START RECORDS FOR THIS EXERCISE
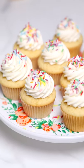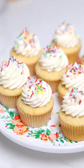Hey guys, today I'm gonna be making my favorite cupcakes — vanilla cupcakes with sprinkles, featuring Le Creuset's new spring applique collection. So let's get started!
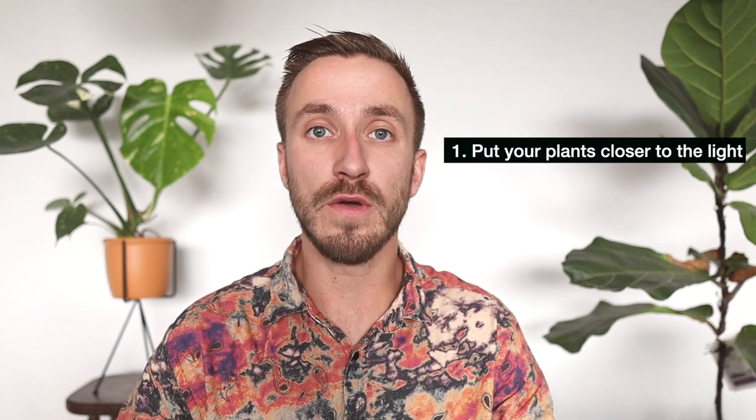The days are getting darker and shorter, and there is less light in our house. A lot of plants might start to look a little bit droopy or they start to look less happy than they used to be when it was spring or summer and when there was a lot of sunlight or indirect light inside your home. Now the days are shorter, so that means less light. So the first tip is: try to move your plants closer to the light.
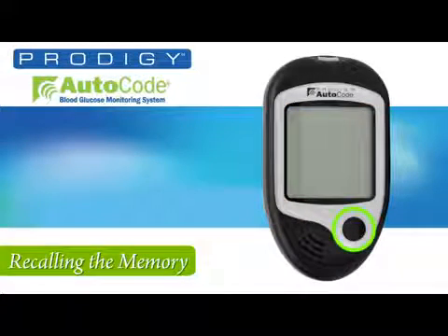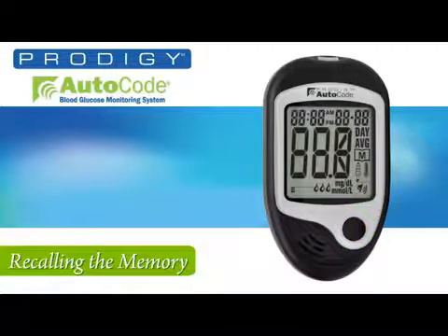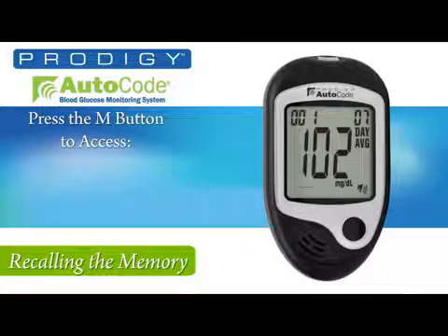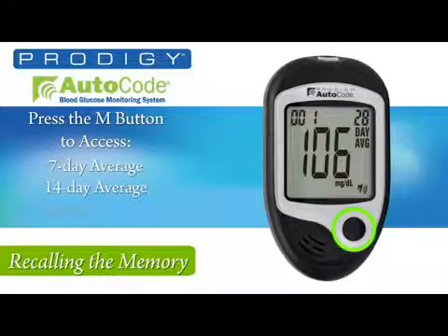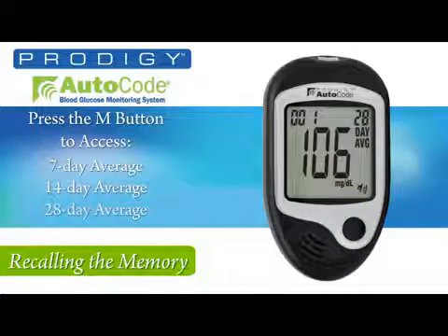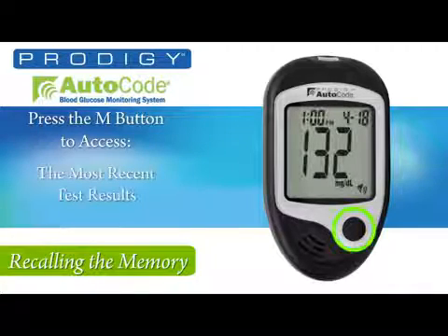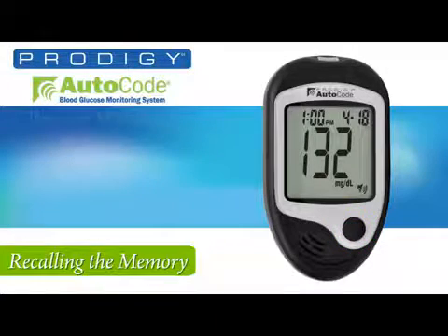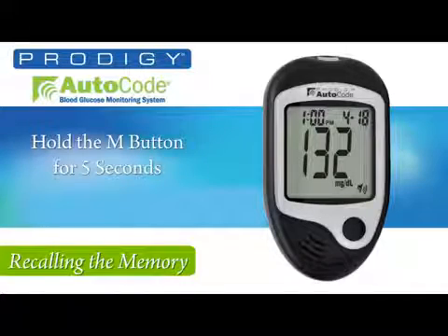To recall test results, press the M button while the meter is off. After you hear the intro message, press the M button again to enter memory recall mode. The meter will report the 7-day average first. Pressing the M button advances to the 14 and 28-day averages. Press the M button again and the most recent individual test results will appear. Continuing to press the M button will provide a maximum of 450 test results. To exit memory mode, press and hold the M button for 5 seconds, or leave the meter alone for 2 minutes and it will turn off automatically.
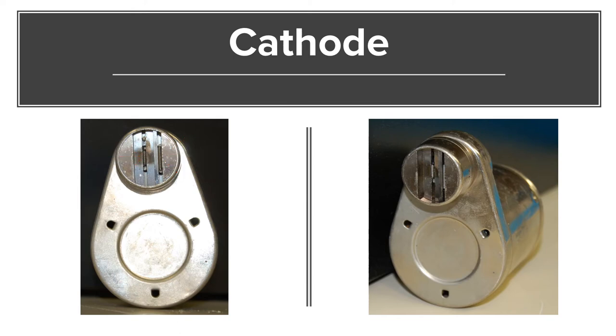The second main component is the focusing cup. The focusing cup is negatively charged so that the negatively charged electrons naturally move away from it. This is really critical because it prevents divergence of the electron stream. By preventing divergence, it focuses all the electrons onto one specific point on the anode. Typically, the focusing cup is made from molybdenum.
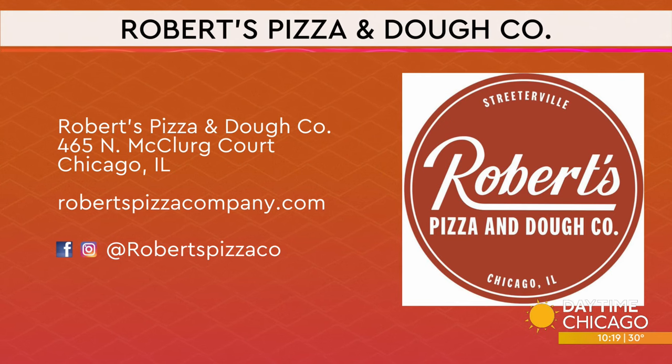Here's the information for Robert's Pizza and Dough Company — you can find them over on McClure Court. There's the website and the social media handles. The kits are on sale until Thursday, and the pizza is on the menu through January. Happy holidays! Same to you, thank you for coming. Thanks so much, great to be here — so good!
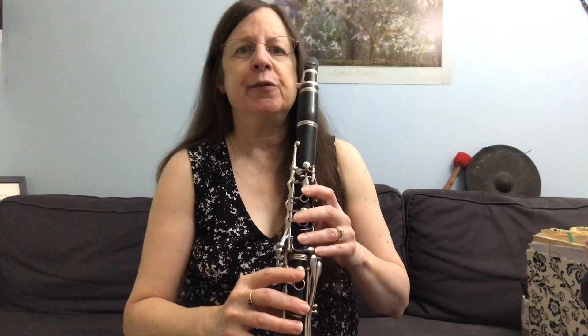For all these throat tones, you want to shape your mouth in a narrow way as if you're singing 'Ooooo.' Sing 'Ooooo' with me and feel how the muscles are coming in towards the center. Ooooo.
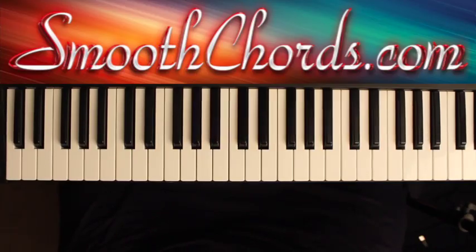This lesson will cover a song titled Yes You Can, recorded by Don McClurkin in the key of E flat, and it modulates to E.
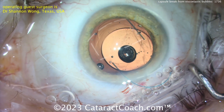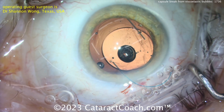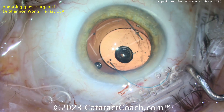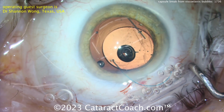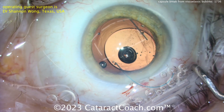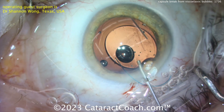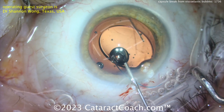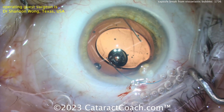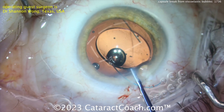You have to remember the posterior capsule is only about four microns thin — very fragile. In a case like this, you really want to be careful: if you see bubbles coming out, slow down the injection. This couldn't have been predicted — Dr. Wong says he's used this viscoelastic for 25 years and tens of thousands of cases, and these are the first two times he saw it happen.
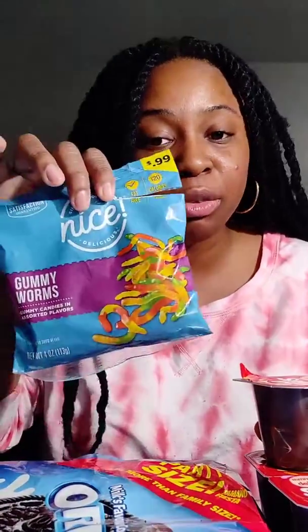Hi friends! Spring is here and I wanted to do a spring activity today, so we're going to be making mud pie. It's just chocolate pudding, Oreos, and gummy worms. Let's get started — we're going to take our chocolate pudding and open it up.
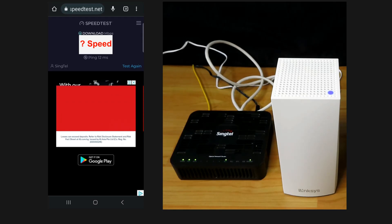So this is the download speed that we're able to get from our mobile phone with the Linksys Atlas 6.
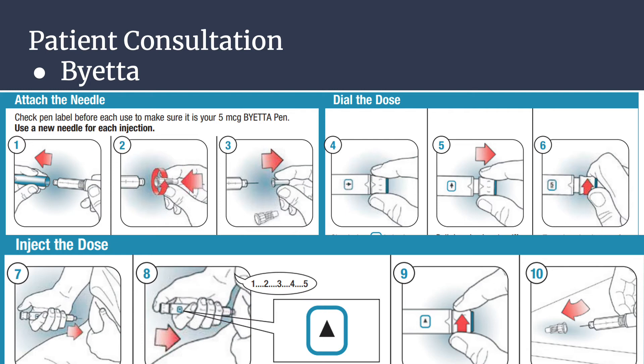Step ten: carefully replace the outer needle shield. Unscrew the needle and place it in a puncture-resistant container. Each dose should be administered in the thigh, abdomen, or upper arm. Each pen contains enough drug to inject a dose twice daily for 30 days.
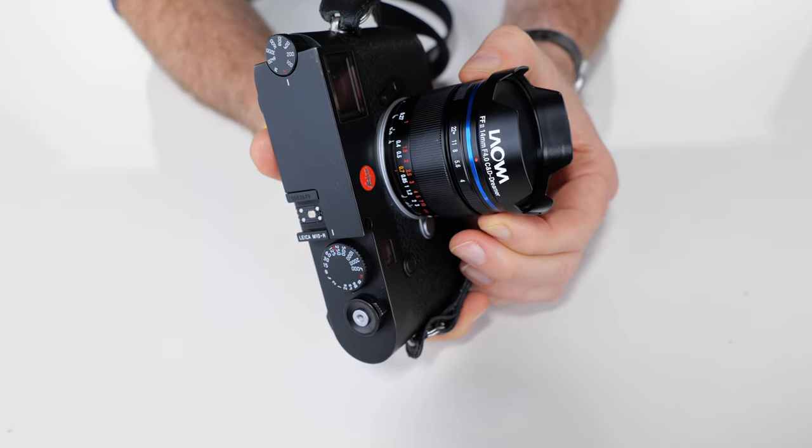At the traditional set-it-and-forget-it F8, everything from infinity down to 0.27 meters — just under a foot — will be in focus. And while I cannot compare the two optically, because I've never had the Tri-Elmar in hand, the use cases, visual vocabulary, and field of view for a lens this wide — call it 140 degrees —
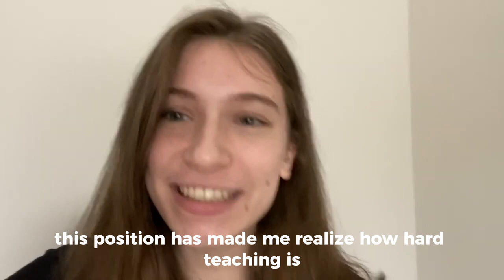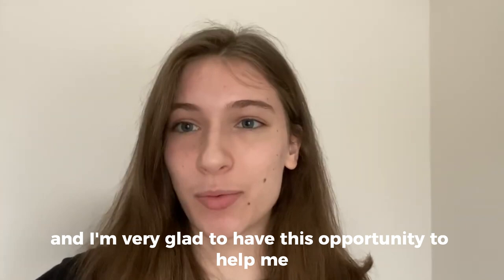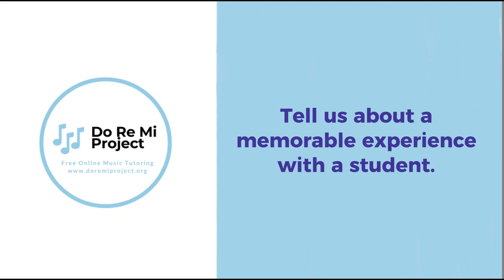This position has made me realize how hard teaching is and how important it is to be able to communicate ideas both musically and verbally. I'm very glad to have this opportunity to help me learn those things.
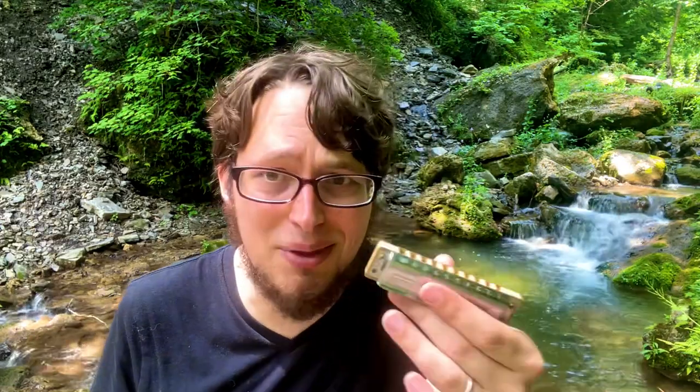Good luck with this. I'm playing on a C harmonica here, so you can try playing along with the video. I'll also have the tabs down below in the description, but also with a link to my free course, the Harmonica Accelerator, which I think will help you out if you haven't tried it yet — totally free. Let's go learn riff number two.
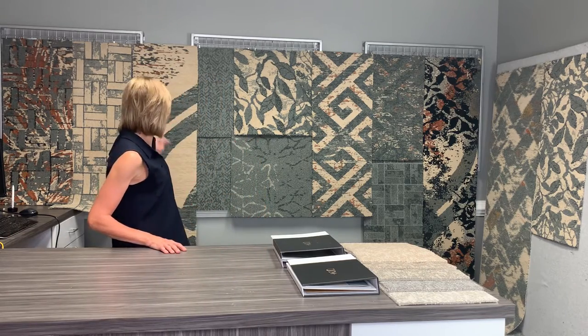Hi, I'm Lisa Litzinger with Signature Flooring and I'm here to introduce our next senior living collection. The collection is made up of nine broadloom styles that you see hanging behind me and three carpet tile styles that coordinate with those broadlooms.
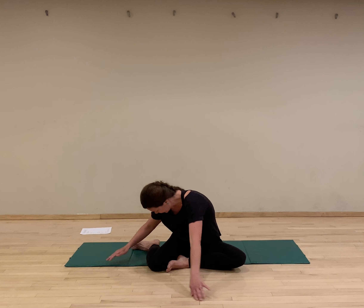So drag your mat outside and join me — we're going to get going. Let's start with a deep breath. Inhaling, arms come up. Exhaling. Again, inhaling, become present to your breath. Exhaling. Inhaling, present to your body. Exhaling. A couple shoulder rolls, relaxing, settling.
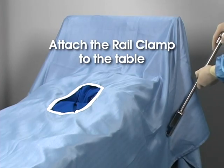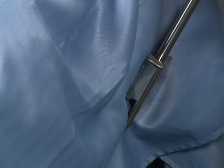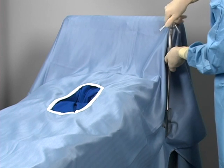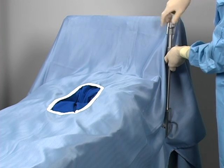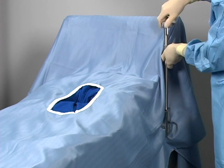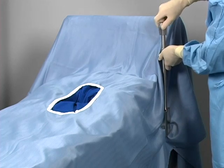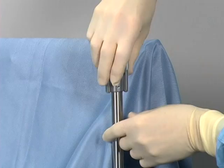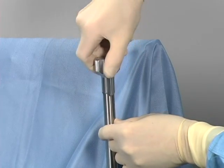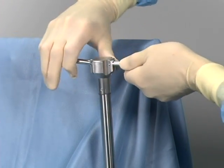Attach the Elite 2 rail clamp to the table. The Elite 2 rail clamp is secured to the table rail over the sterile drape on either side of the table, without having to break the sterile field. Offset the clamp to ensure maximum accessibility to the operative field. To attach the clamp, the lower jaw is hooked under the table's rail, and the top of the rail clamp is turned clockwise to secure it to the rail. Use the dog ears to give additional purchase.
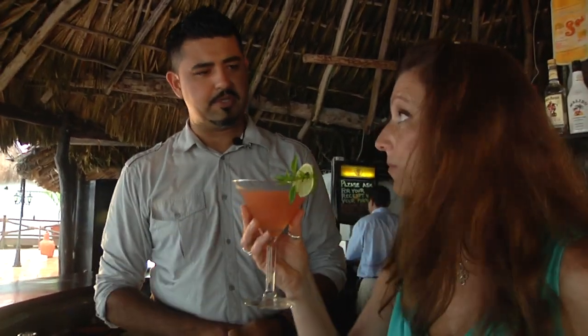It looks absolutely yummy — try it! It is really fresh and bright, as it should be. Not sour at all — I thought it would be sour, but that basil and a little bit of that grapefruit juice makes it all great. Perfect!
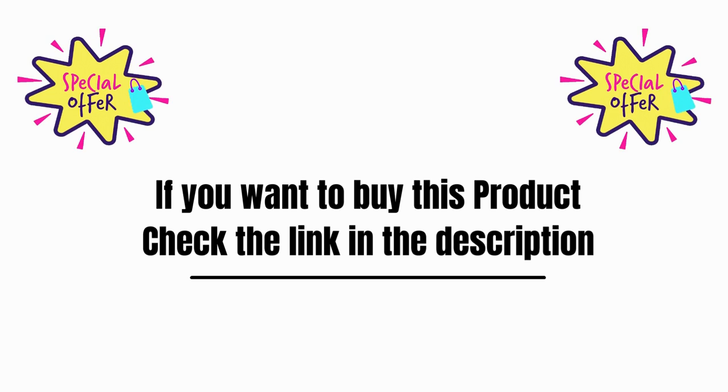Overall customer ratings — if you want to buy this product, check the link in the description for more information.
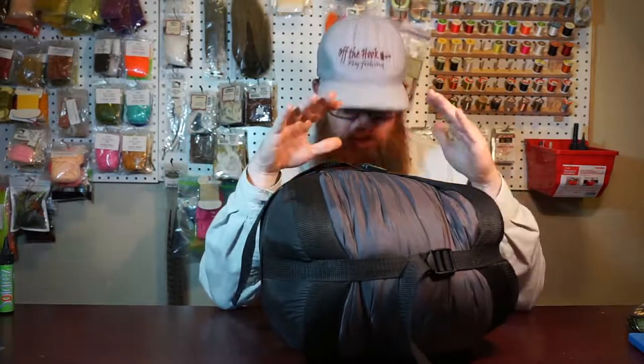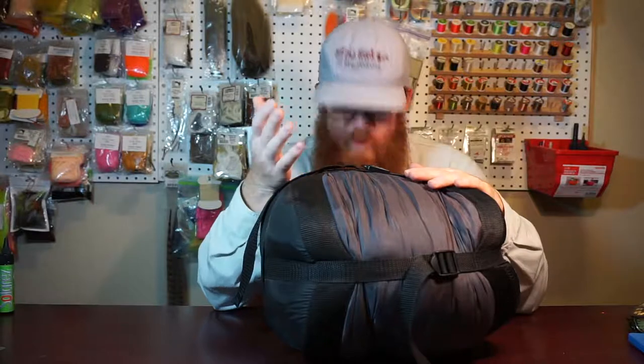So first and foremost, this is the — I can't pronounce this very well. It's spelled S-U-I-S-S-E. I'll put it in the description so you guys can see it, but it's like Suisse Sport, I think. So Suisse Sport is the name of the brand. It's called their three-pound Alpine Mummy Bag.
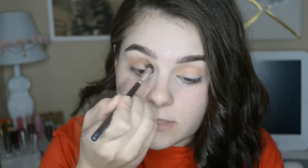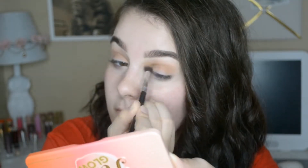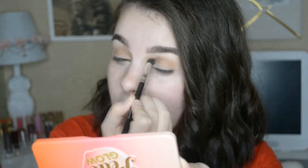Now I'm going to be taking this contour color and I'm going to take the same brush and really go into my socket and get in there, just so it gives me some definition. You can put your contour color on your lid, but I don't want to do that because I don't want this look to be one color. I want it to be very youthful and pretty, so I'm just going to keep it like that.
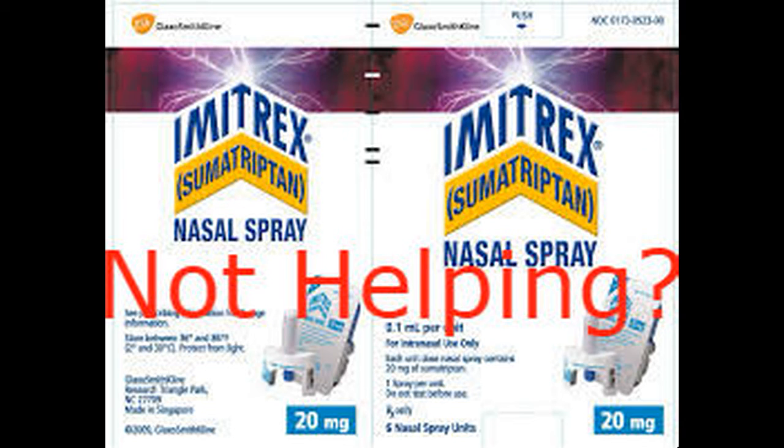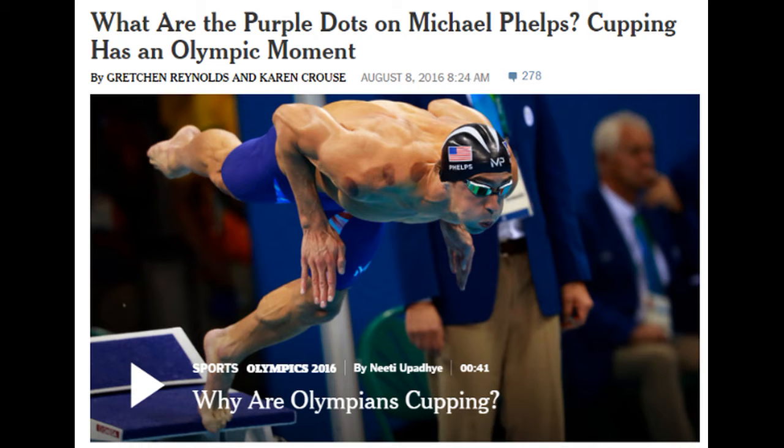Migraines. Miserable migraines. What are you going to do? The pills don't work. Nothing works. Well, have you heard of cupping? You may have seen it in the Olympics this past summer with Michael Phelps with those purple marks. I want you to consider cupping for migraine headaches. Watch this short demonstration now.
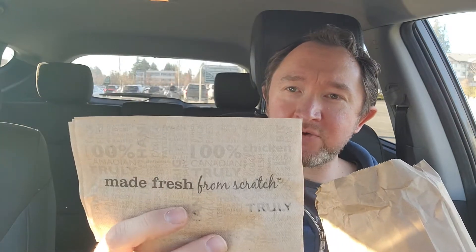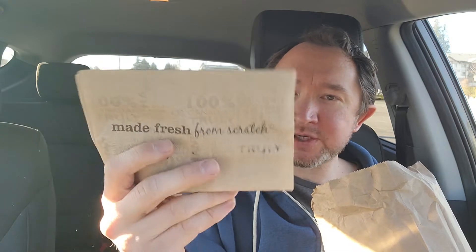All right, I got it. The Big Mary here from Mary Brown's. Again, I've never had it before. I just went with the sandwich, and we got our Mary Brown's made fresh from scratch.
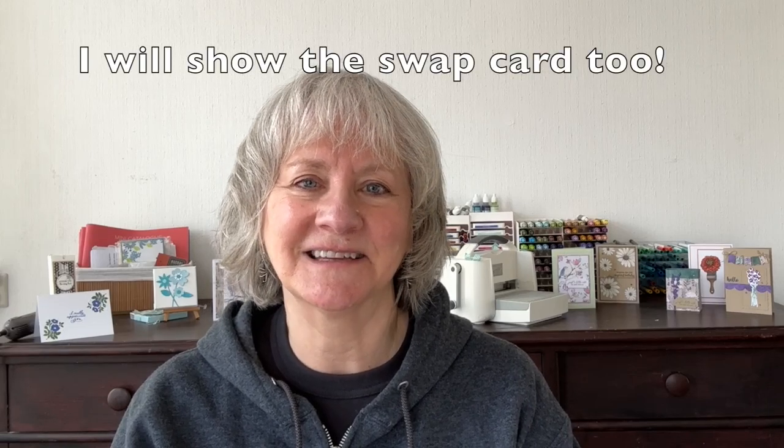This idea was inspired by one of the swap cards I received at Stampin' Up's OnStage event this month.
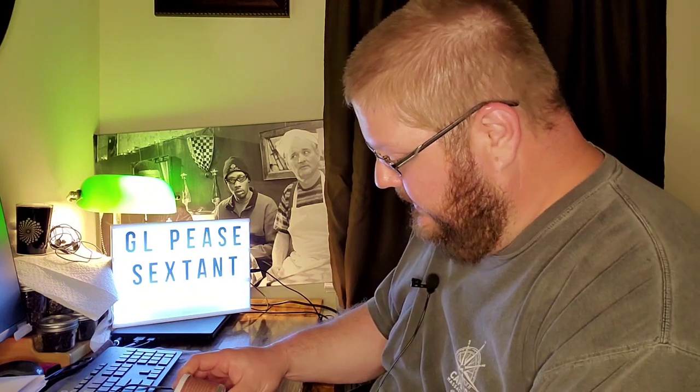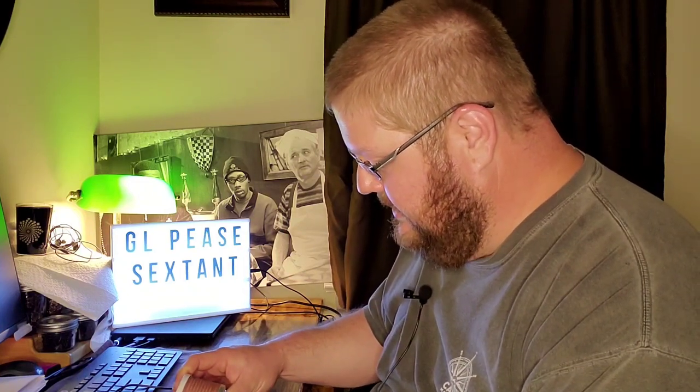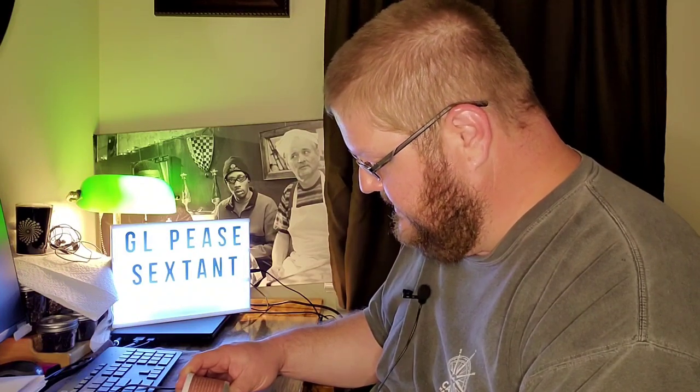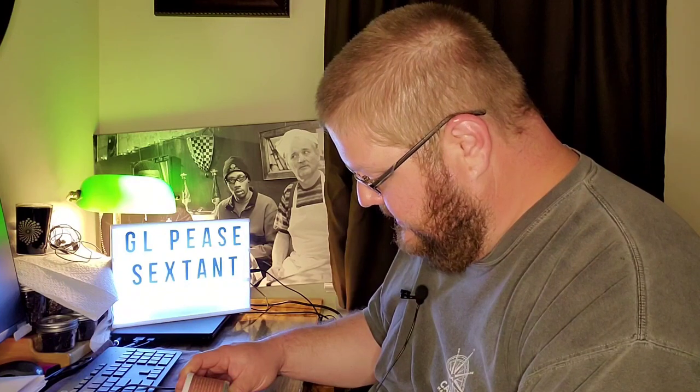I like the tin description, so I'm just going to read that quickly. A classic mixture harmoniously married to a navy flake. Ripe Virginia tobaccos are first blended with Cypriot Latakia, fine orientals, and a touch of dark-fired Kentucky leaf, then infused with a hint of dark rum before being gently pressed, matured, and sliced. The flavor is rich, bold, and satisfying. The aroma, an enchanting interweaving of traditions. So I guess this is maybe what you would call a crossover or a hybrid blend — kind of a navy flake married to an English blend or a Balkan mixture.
END RECORDS FOR THIS EXERCISE
The answer must consist solely of the lines from the first line of the records through the line containing "To recall test", reproduced exactly and without the pictures.

Hey guys, today I'm gonna be making my favorite cupcakes — vanilla cupcakes with sprinkles, featuring Le Creuset's new spring applique collection. So let's get started!
The days are getting darker and shorter, and there is less light in our house. A lot of plants might start to look a little bit droopy or they start to look less happy than they used to be when it was spring or summer and when there was a lot of sunlight or indirect light inside your home. Now the days are shorter, so that means less light. So the first tip is: try to move your plants closer to the light.
To recall test results, press the M button while the meter is off. After you hear the intro message, press the M button again to enter memory recall mode. The meter will report the 7-day average first. Pressing the M button advances to the 14 and 28-day averages. Press the M button again and the most recent individual test results will appear. Continuing to press the M button will provide a maximum of 450 test results. To exit memory mode, press and hold the M button for 5 seconds, or leave the meter alone for 2 minutes and it will turn off automatically.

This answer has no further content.